A Touriga Franca encontrou no Douro, sobretudo no Douro Superior, o seu terroir. Mas mesmo aqui nunca conseguiu viver sozinha. Todos falam bem da casta, todas a adoram, mas é raro encontrar no mercado um vinho estreme de Touriga Franca.
Quando desafiado a indicar alguns dos seus vinhos que pudessem testemunhar a qualidade da Touriga Franca, Dirk Niepoort demorou alguns segundos até indicar um, o Charme, feito a partir de vinhas velhas com uma presença significativa de uvas daquela casta. Os poucos vinhos estremes de Touriga Franca que existem são do Alentejo e os melhores talvez sejam o Scala Coeli 2009 (da Cartuxa) e o Partage 2008, da Herdade do Portocarro (39 euros).
No Douro, a Touriga Franca sempre foi uma casta com vocação de lote e que ganha com a companhia de outras variedades. A excepção deu-se com o primeiro Bafarela 17, em 2014, um vinho com 17 graus de álcool e feito à base de Touriga Franca. A Touriga Nacional também gosta de companha, mas já uma há uma lista considerável de monovarietais da casta em todo o país.
No Douro, de acordo com um levantamento recente feito Instituto dos Vinhos do Douro e Porto (IVDP), o número de registos de vinhos estremes de Touriga Nacional subiu de 66, em 2006, para 141, em 2013. “É surpreendente.
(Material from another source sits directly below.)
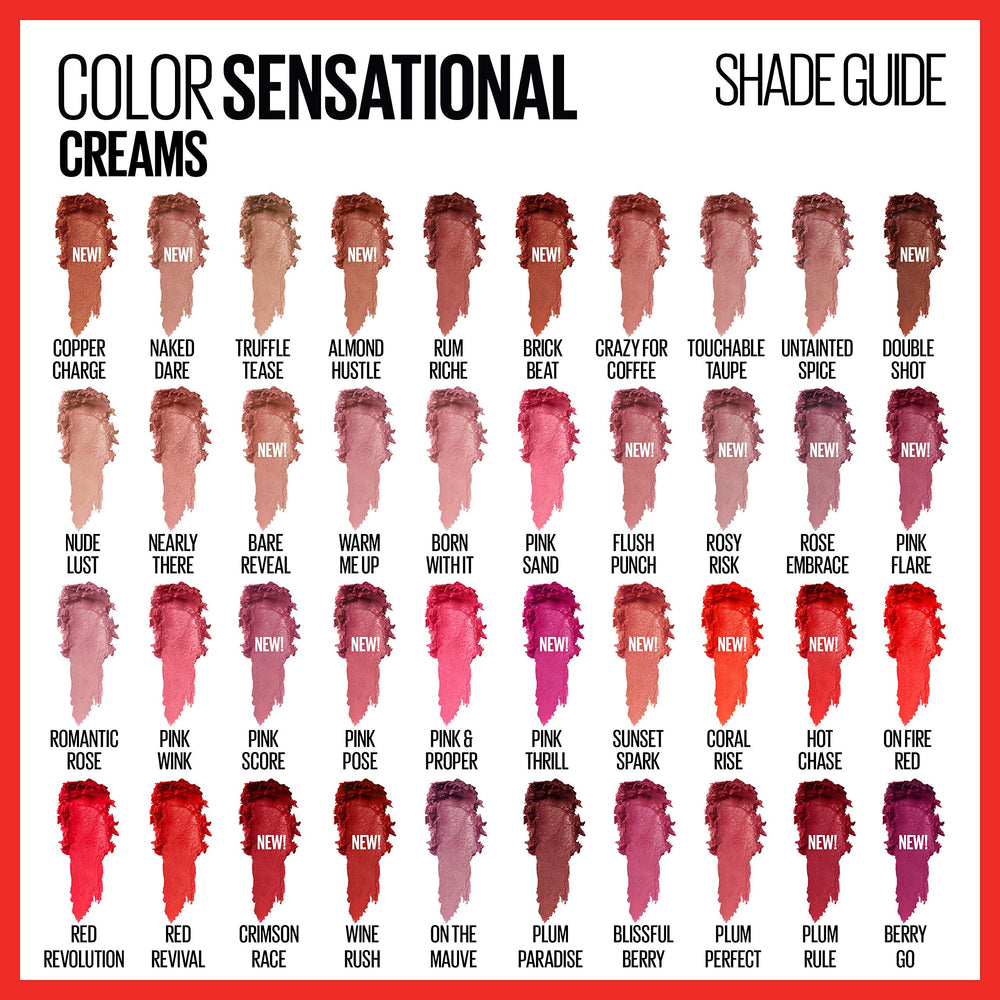 Maybelline Color Sensational red shade swatch for bold color.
Estava à espera que tivesse havido uma diminuição, porque tinha a ideia de que a Touriga Nacional estava a passar de moda”, diz Bento Amaral, presidente da Câmara de Provadores do IVDP.
A ideia de que a Touriga Franca está a destronar a Touriga Nacional poderá corresponder mais a uma percepção ou a uma tendência do que a um facto real. Em área de vinha, já a destronou há muito. Embora esteja a crescer todos os anos, a vinha de Touriga Nacional no Douro, por exemplo, ainda não passa dos 5% do total. Mas em termos de notoriedade a Touriga Nacional continua a ser a grande referência. “A Touriga Franca é capaz de conseguir um maior equilíbrio na vinha, mas os vinhos de Touriga Nacional são melhores. Têm mais equilíbrio na boca e são menos rústicos”, defende Bento Amaral.
Jorge Alves, enólogo da Quinta Nova de Nossa Senhora do Carmo e da Quinta do Tedo e produtor, junto com Celso Pereira, dos vinhos Quanta Terra e Terra a Terra, partilha da mesma opinião: “Continuo a gostar mais da Touriga Nacional por uma questão de textura. É mais sedosa na boca, enquanto a Touriga Franca é mais firme”. Já Rita Ferreira, que faz os vinhos Conceito e Contraste, não vê sentido nesta dicotomia. “Já houve a moda de que a Touriga Nacional era a melhor coisa do mundo, agora é a Franca que é a melhor do mundo.
As duas castas são super importantes e completam-se muito bem”, advoga, embora confesse preferir um vinho monovarietal de Touriga Franca. “É mais completa em termos de estrutura”. Luís Sottomayor, o enólogo chefe da Casa Ferreirinha, não concorda. “A Touriga Nacional tem mais personalidade”, defende, reconhecendo, no entanto, que a Touriga Franca “está a dar muitos bons vinhos”.
O que se começa a notar é a inversão dos contributos das diferentes castas nos lotes dos vinhos. Nos melhores vinhos da região, a participação de Touriga Franca tem vindo a crescer e a de Touriga Nacional a diminuir. “Quando for tão estudada como a Touriga Nacional, é possível que a venha a destronar. Por agora, ainda não”, acrescenta Luis Sottomayor.
São centenas os clones de Touriga Nacional que já existem. Não há outra casta em Portugal que tenha sido tão dissecada e desenvolvida. A Touriga Franca, como foi sempre mais regular, não tem merecido a mesma atenção. Por outro, também não tem a espessura histórica da Touriga Nacional. Nem podia, porque a Touriga Franca é filha da Touriga Nacional. O “pai” é o Marufo, mais conhecido por Mourisco.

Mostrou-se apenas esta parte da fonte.